TASK PROMPT :: The required output is the stretch from the line containing "Wood Pendant Necklace —" through the line containing "Butterfly High Jewelry" in the records below, unaltered and with no pictures.

Image-caption web data ::
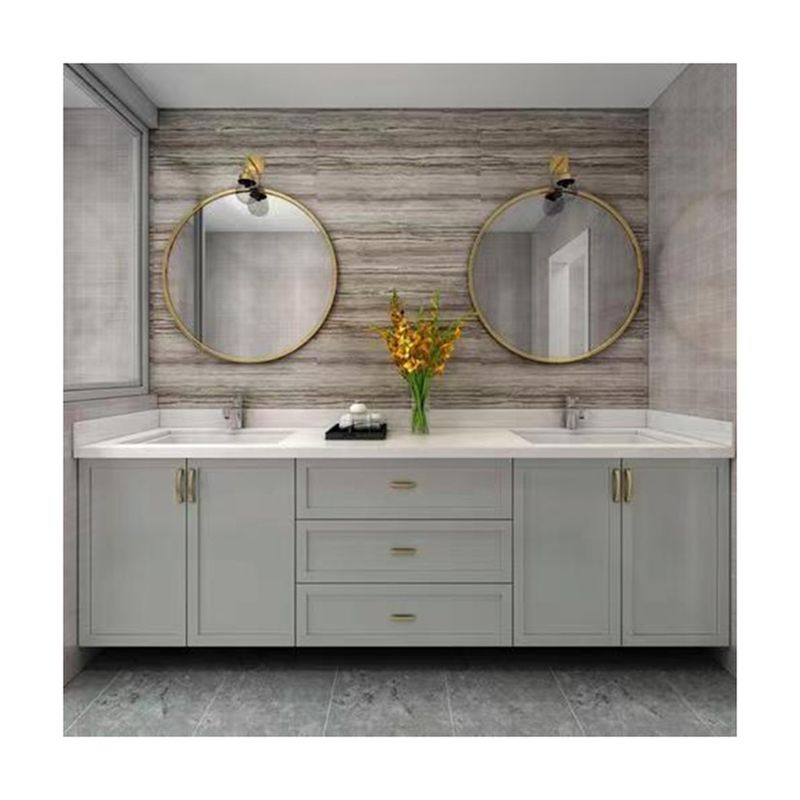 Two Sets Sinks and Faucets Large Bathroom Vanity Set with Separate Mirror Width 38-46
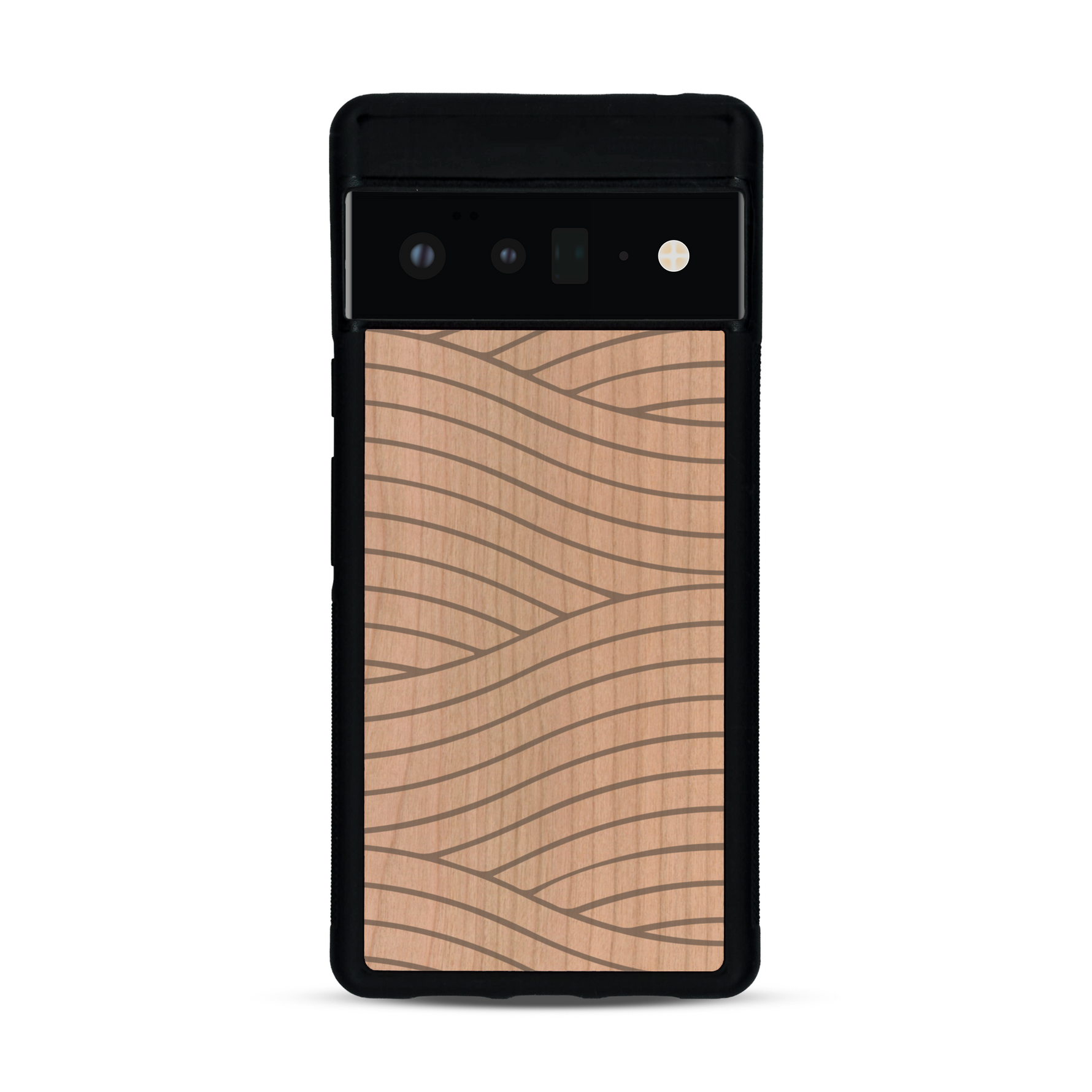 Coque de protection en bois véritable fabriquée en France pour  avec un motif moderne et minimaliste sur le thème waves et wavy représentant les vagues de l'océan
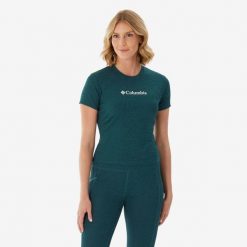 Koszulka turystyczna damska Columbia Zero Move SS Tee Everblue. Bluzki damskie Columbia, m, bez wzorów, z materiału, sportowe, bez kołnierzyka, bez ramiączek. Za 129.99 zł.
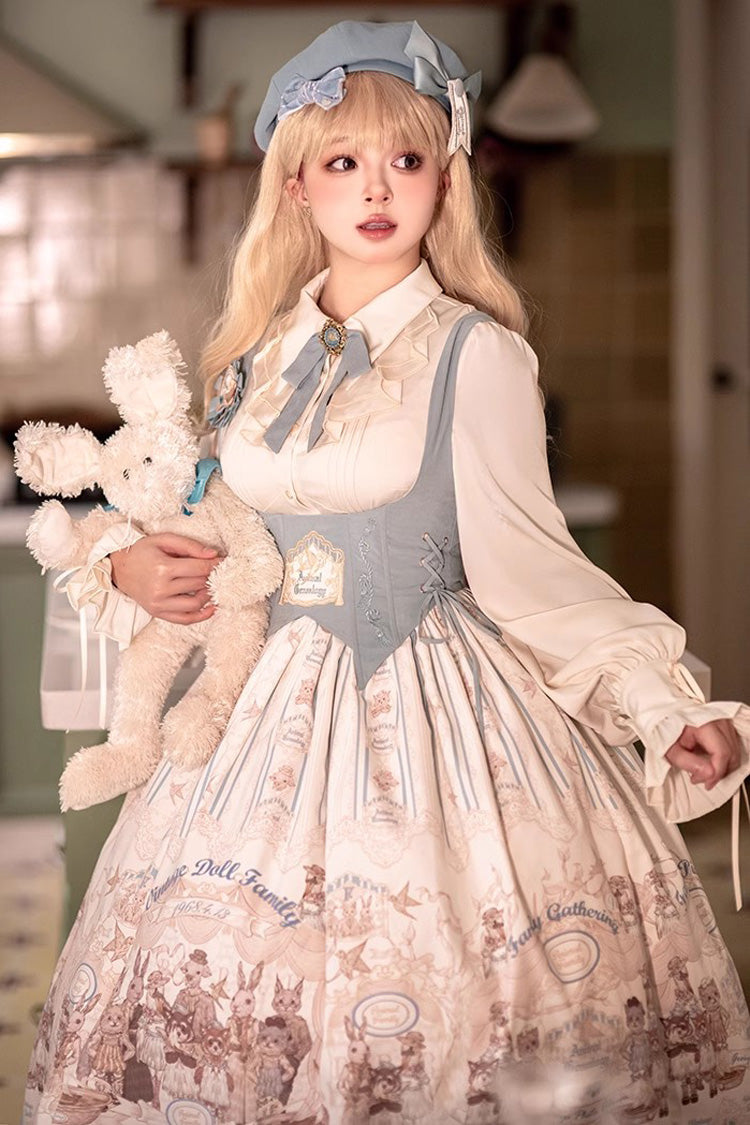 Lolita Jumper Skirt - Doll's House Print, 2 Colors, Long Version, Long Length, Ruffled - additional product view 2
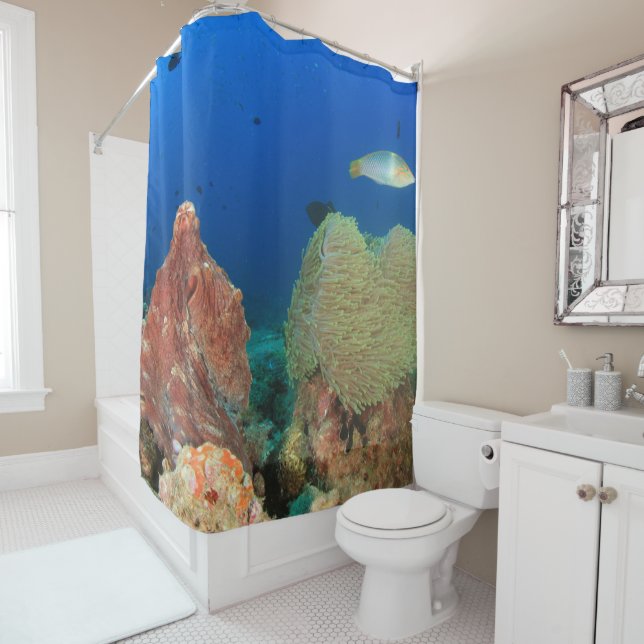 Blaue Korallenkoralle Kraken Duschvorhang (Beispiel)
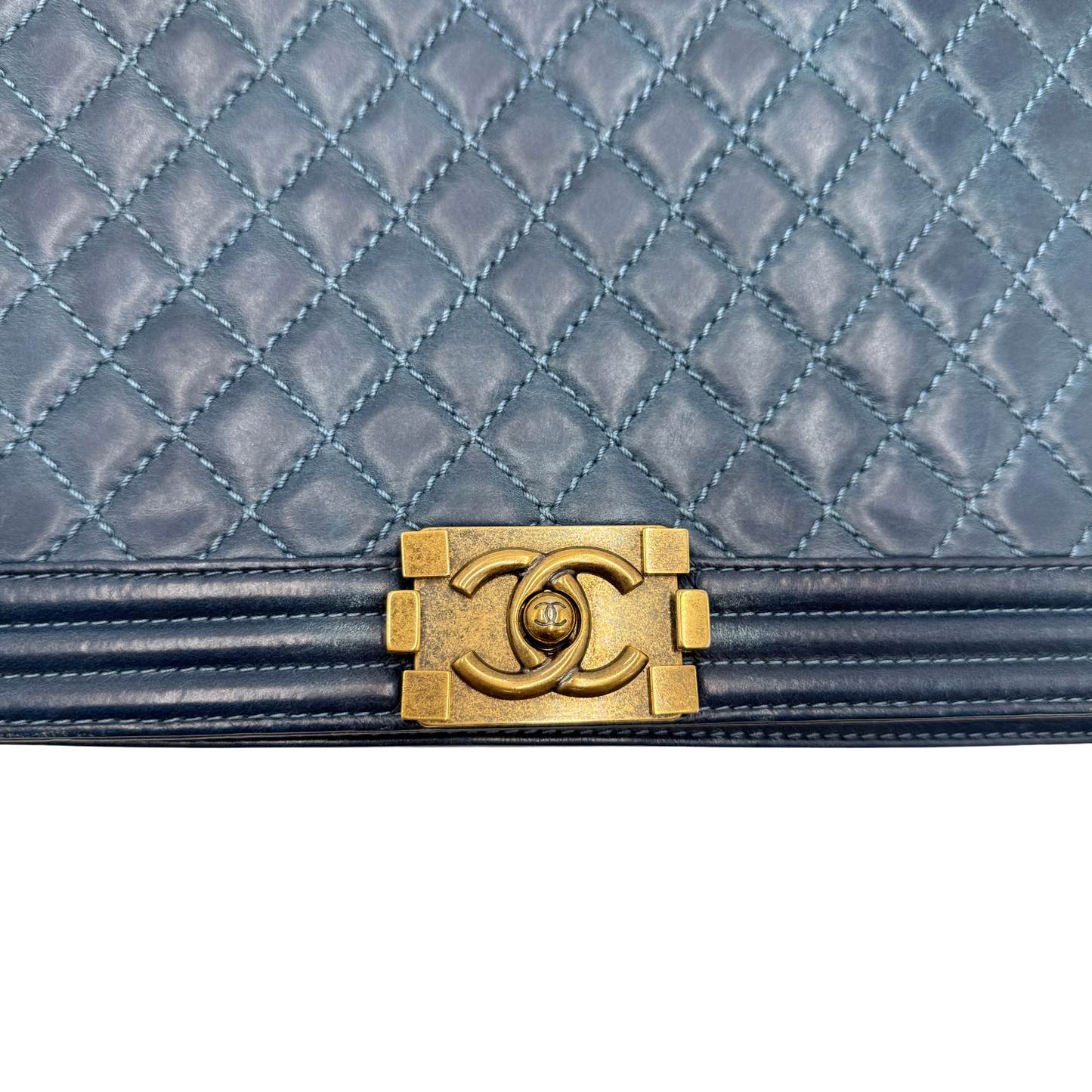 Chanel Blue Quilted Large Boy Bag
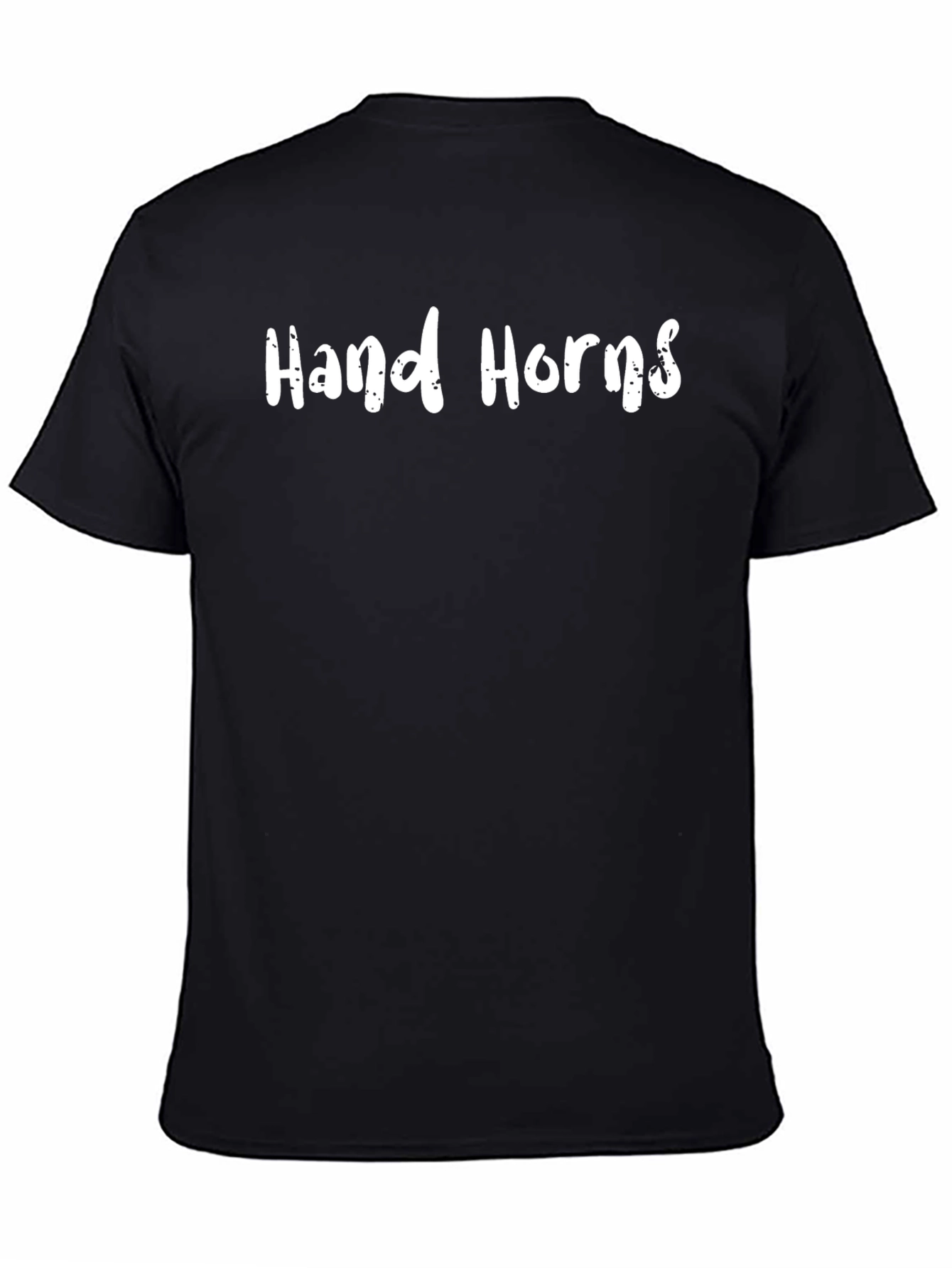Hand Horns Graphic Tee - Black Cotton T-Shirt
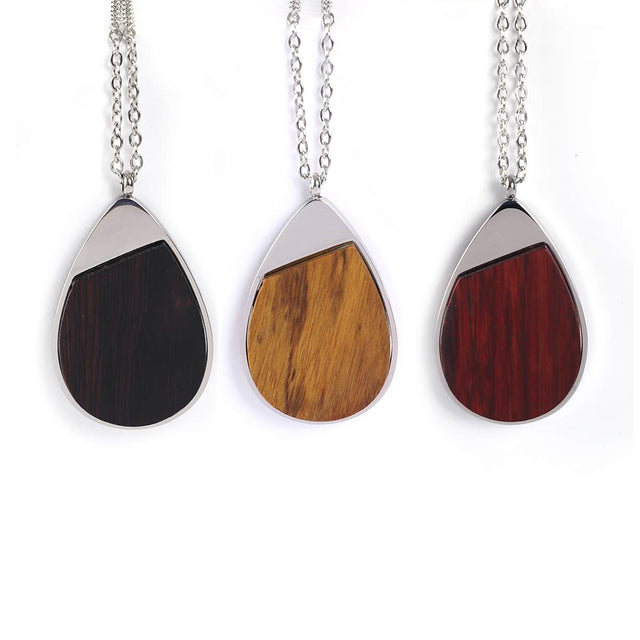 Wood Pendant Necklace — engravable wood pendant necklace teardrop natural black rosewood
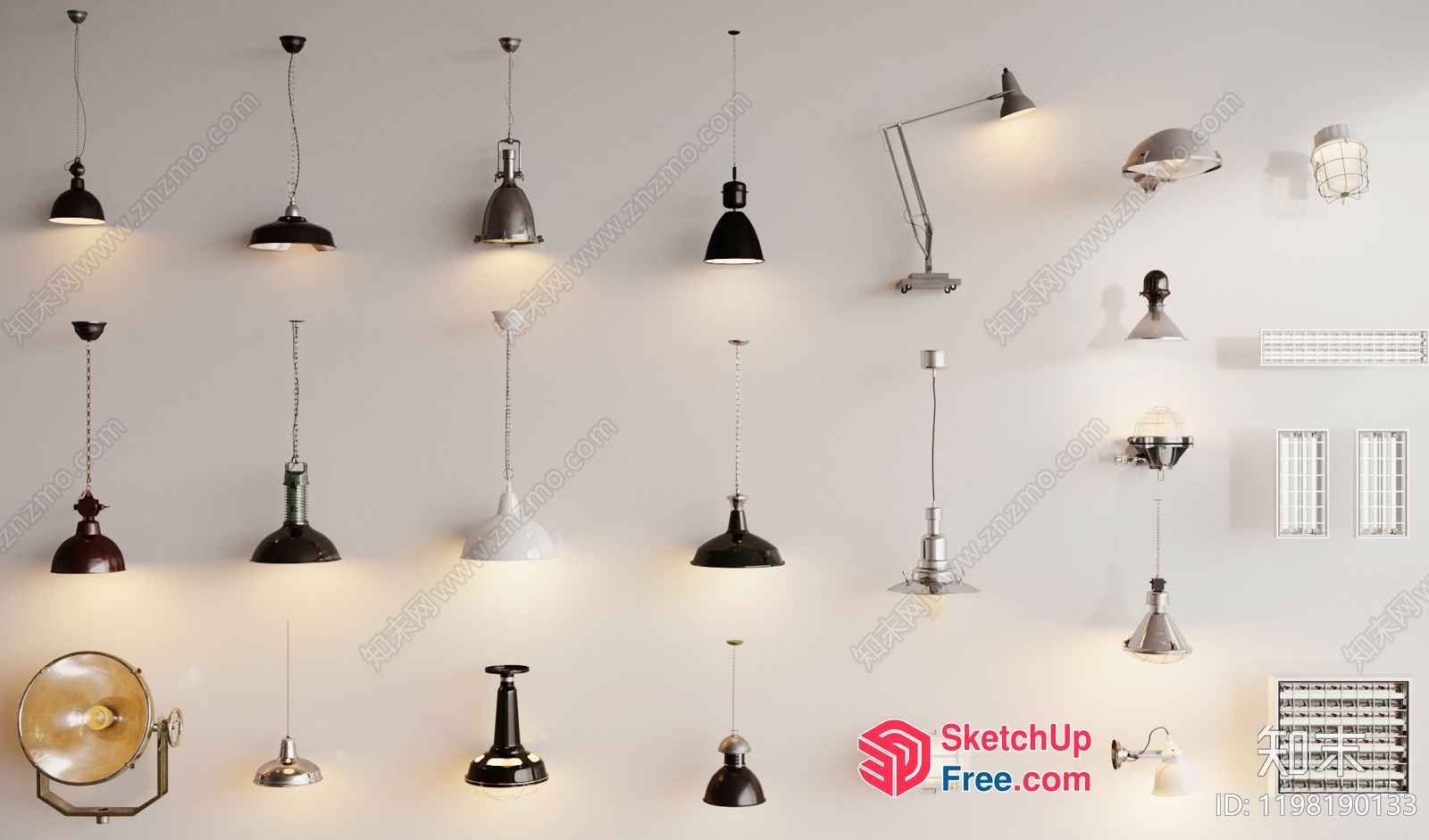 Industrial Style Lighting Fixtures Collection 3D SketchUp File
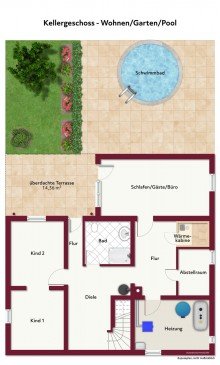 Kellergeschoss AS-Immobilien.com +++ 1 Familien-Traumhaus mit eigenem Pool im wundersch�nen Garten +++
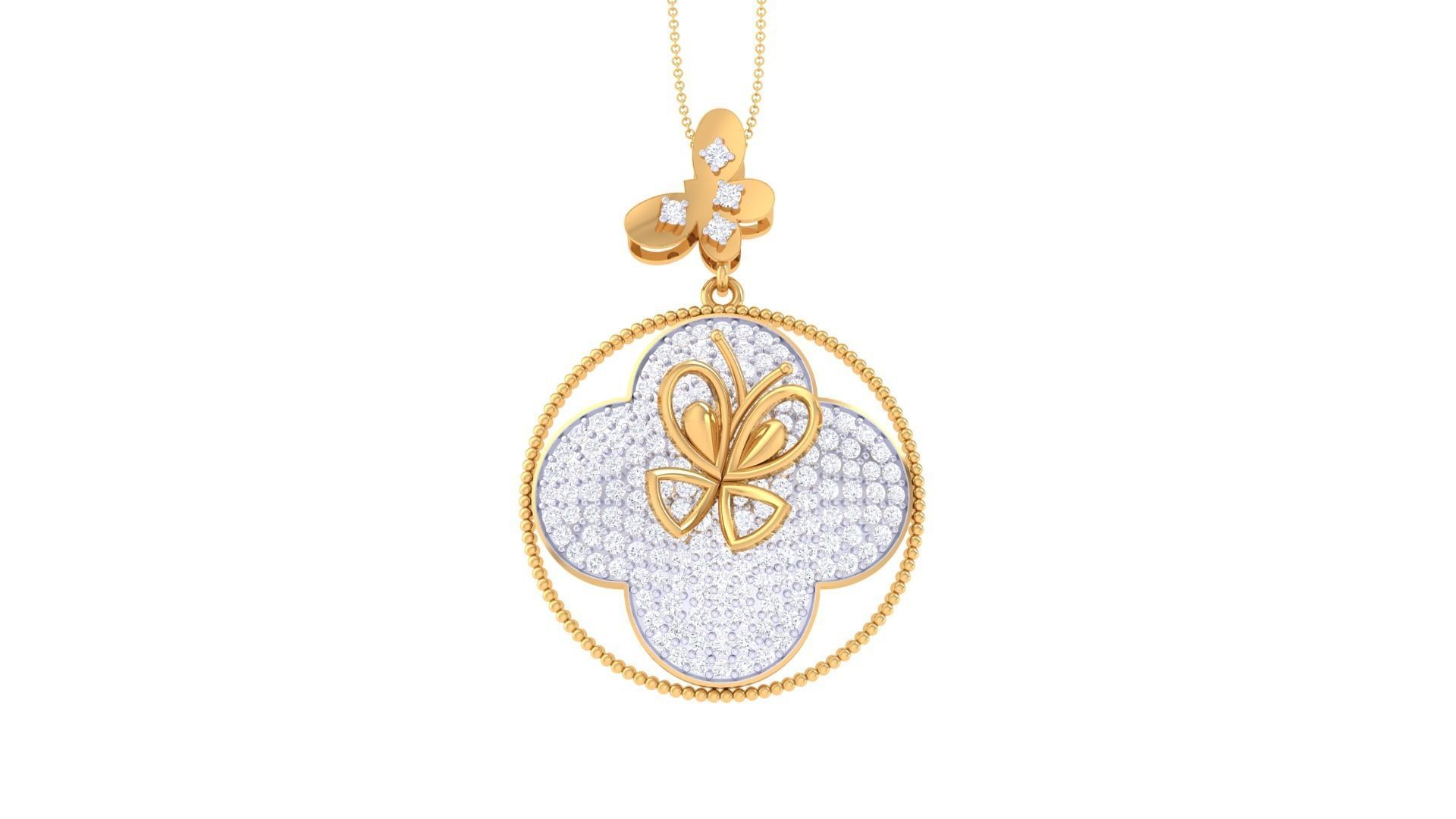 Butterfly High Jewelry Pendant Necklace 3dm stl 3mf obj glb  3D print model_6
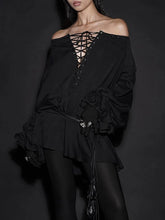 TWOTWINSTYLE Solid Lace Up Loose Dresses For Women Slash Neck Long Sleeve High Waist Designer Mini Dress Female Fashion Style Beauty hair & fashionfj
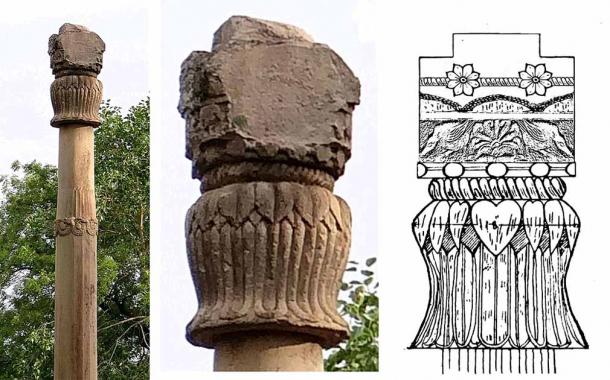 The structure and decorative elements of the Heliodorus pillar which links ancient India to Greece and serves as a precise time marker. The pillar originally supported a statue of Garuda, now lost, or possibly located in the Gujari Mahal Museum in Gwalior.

ANSWER BOX ::
 Wood Pendant Necklace — engravable wood pendant necklace teardrop natural black rosewood
 Industrial Style Lighting Fixtures Collection 3D SketchUp File
 Kellergeschoss AS-Immobilien.com +++ 1 Familien-Traumhaus mit eigenem Pool im wundersch�nen Garten +++
 Butterfly High Jewelry Pendant Necklace 3dm stl 3mf obj glb  3D print model_6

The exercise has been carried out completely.